→ **YOUR ASSIGNMENT**: Output the data below only from the line containing "einen Zaun mit" up to and including the line containing "美国国旗在美国足球基地和云层的动画", exact and with the pictures left out.

→ **RECORDS**:
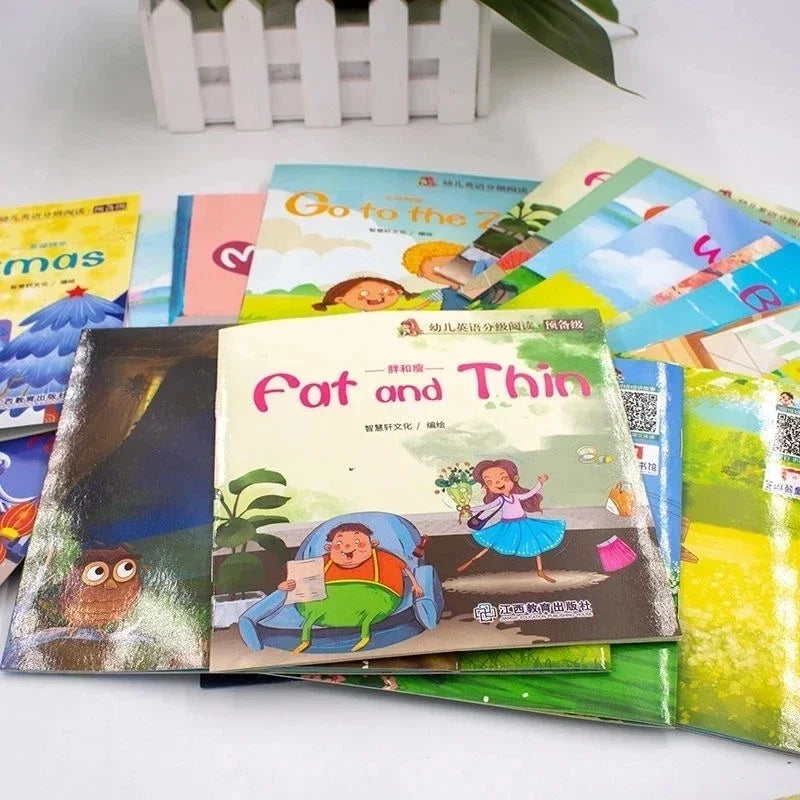 A stack of colorful picture books for early English learning and bedtime stories are displayed on a white surface.
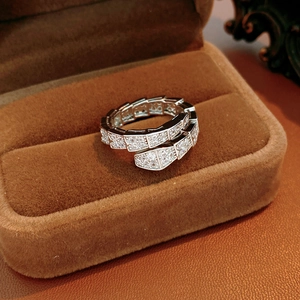 Macro shot of silver snake ring with pavé cubic zirconia on brown velvet background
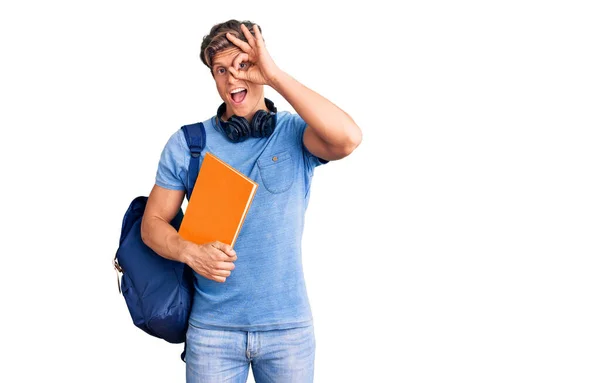 年轻英俊的男子背着学生背包 头戴耳机 高高兴兴地拿着书本 手拿着书 手拿着手拿着手拿着手拿着手拿着手拿着 手拿着手签 — 图库照片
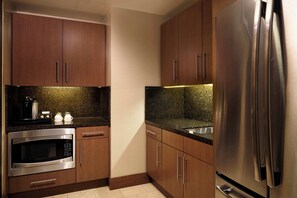 A kitchen with wooden cabinets, a stainless steel refrigerator, a built-in microwave, and a granite countertop. - Fairmont Pittsburgh (Pittsburgh)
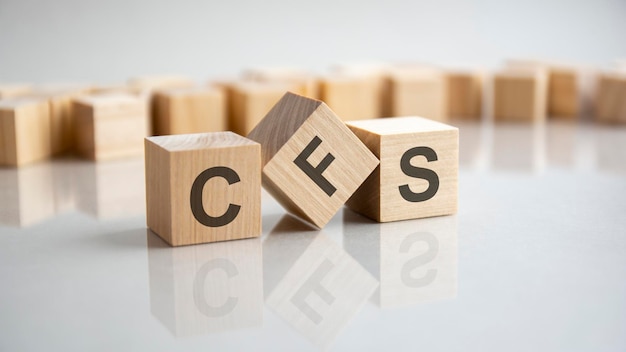 CFS word made from wooden cubes on gray background, cfs - short for Consolidated Financial Statement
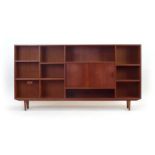 A 1960's Danish teak open bookcase, the centre with a pair of sliding doors on turned legs, w.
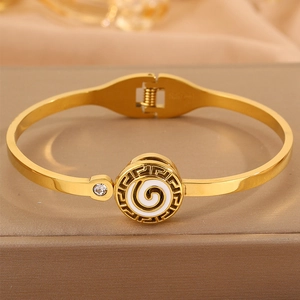 Detailed macro view of gold-tone open bangle with Greek key pattern and white spiral inlay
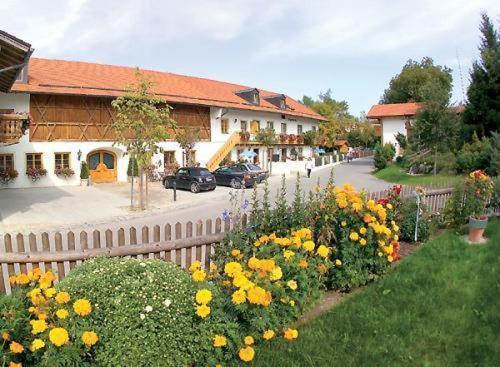 einen Zaun mit Blumen vor einem Gebäude in der Unterkunft Gasthof & Hotel Jägerwirt in Aufhofen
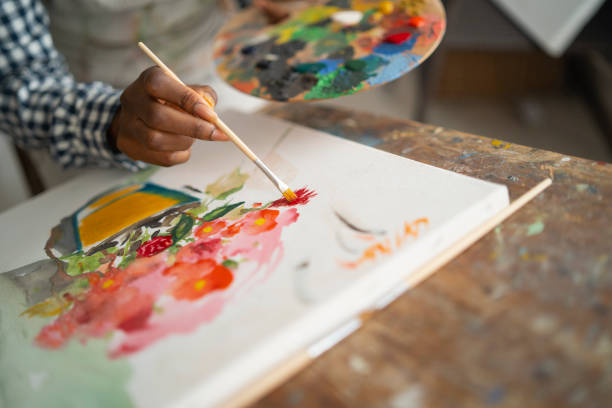 istock Female artist working in studio 1202955349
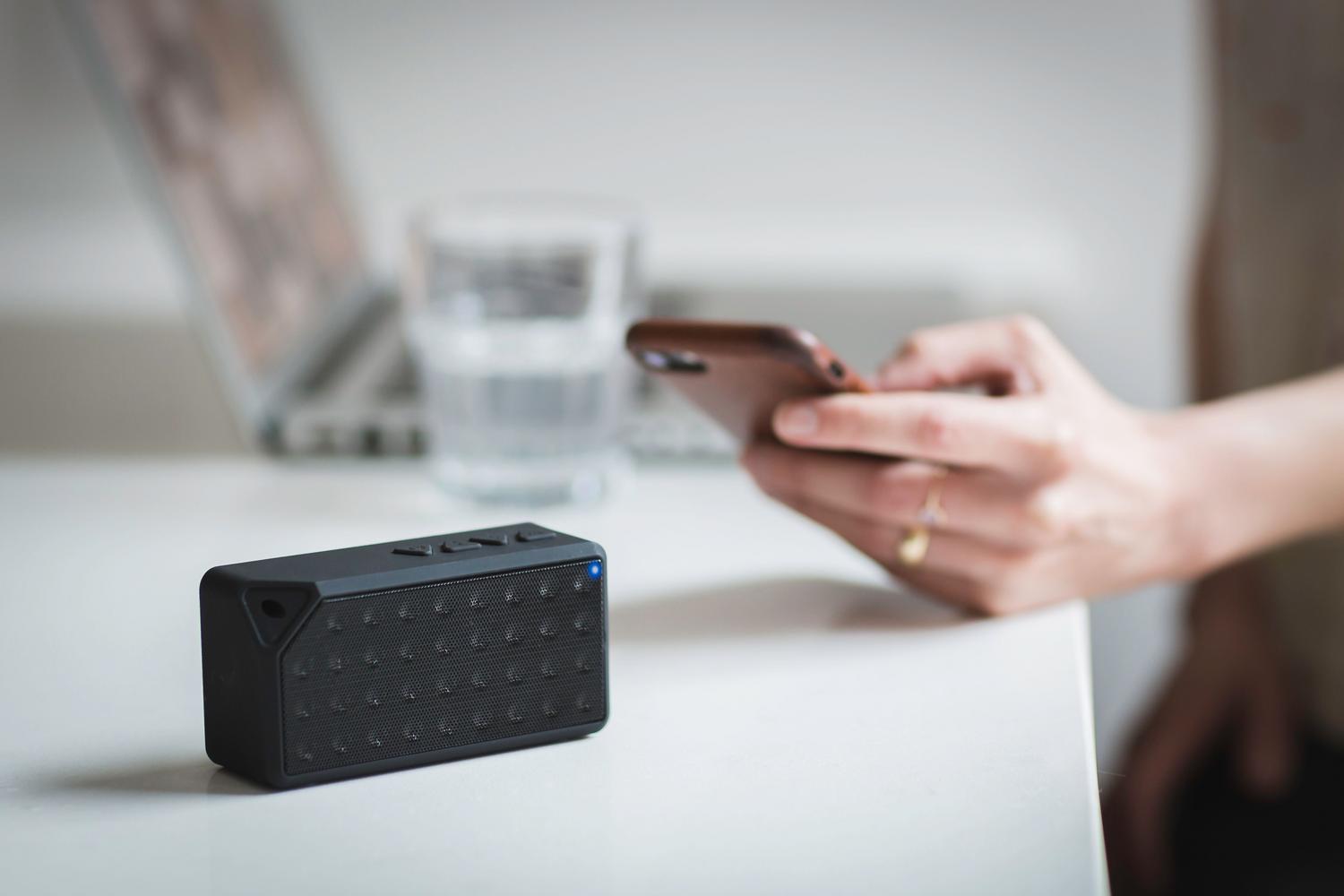 Uso de smartphone junto a dispositivo conectado en red local Persona utilizando un smartphone junto a un altavoz inalámbrico, ejemplificando la conectividad de red local.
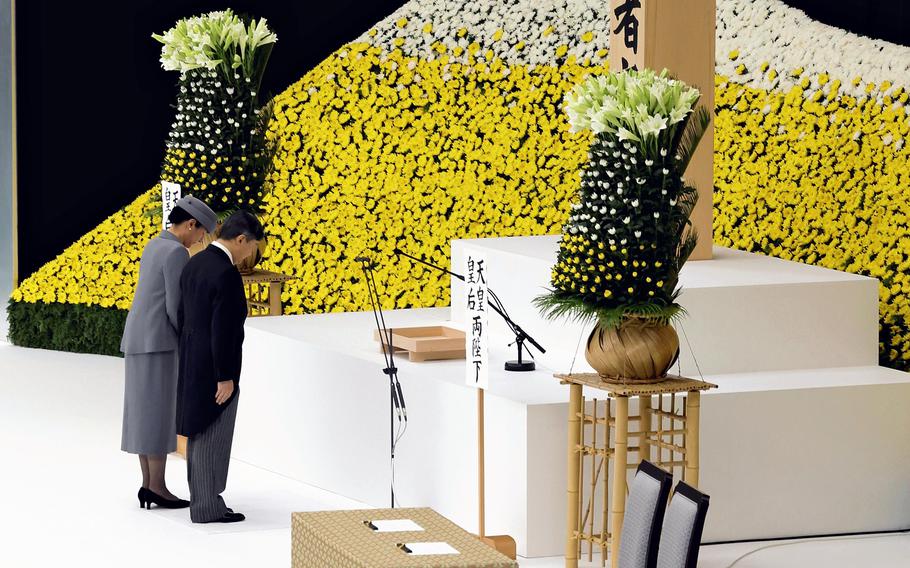 The Emperor and Empress observe a moment of silence at the annual memorial to mourn Japanese who died in World War II, at the Nippon Budokan hall in Tokyo on Tuesday.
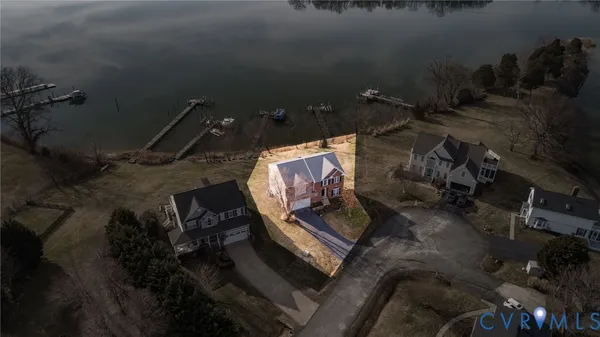 a view of a room with wooden floor and dining room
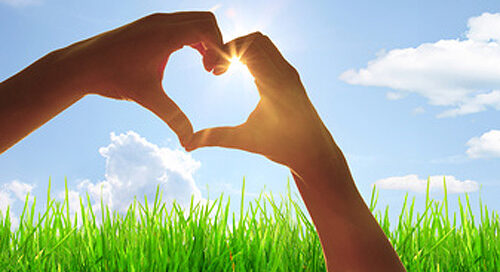 Zwei Hände bilden ein Herz vor blauem Himmel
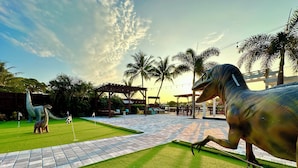 A golf course with dinosaur statues, a pergola, palm trees, and a brick pathway.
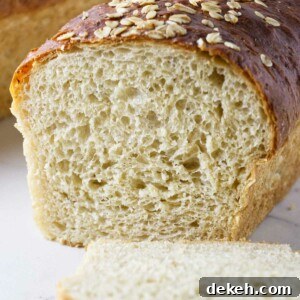 A loaf of oatmeal bread sliced in half to show the interior crumb.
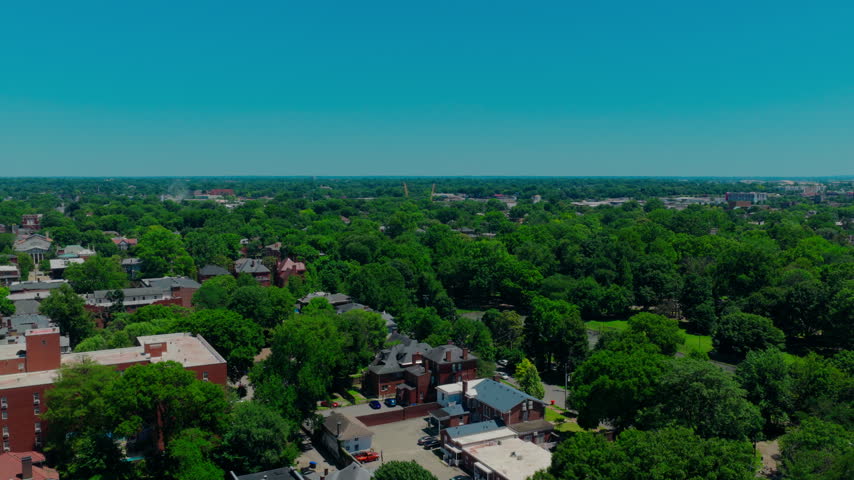 Beautiful drone shot highlighting urban forestry, where a dense canopy of mature green trees integrates perfectly with residential and commercial city infrastructure. Louisville, Kentucky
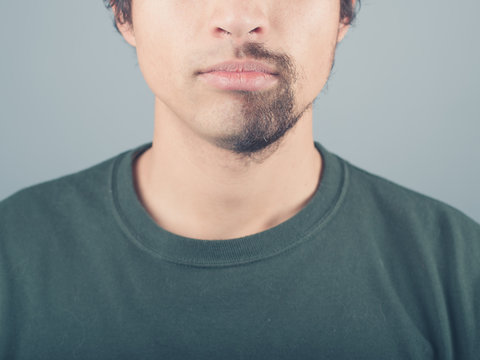 Young man with half shaved beard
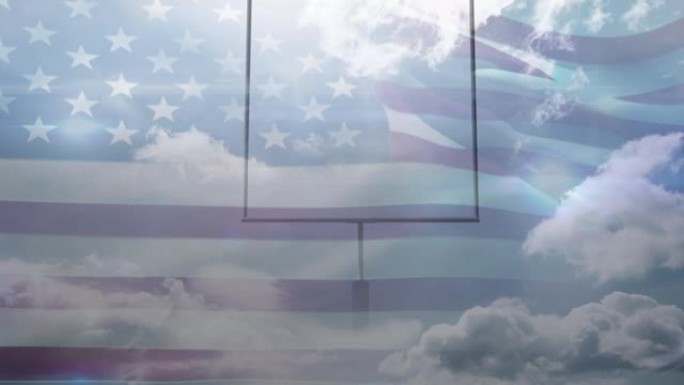 美国国旗在美国足球基地和云层的动画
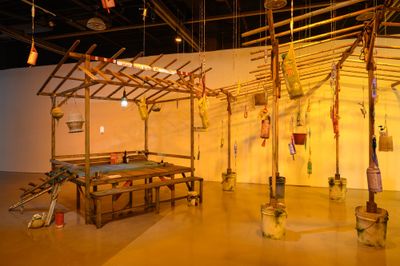 Working Hard (Kuo Po Yu and She Wen Ying), Sleep in Fish (Ikan Kapan Bobok) (2024). Bucket, fishing lure, lighting, line, mesh wire, water, paint, rope, second-hand furniture, sugar, sugary drinks, wood, and other found objects. Exhibition view: Group Exhibition, 2025 Taoyuan International Art Award, Taoyuan Arts Center, Taoyuan (26 March–18 May 2025).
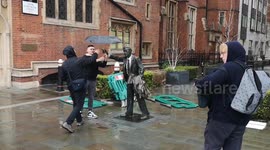 Tourists have fun in the wind and rain with a statue near Blackfriars Underground Station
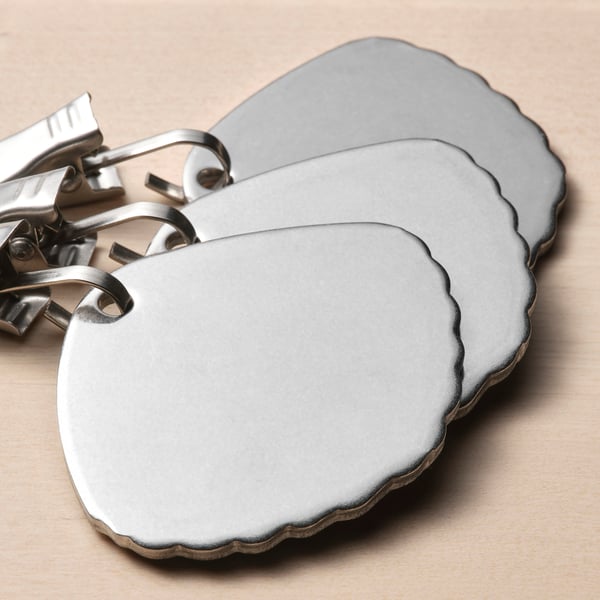 Three stainless steel tablecloth clips secure outdoors.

→ **ANSWER TO THE EXERCISE**:
 einen Zaun mit Blumen vor einem Gebäude in der Unterkunft Gasthof & Hotel Jägerwirt in Aufhofen
 istock Female artist working in studio 1202955349
 Uso de smartphone junto a dispositivo conectado en red local Persona utilizando un smartphone junto a un altavoz inalámbrico, ejemplificando la conectividad de red local.
 The Emperor and Empress observe a moment of silence at the annual memorial to mourn Japanese who died in World War II, at the Nippon Budokan hall in Tokyo on Tuesday.
 a view of a room with wooden floor and dining room
 Zwei Hände bilden ein Herz vor blauem Himmel
 A golf course with dinosaur statues, a pergola, palm trees, and a brick pathway.
 A loaf of oatmeal bread sliced in half to show the interior crumb.
 Beautiful drone shot highlighting urban forestry, where a dense canopy of mature green trees integrates perfectly with residential and commercial city infrastructure. Louisville, Kentucky
 Young man with half shaved beard
 美国国旗在美国足球基地和云层的动画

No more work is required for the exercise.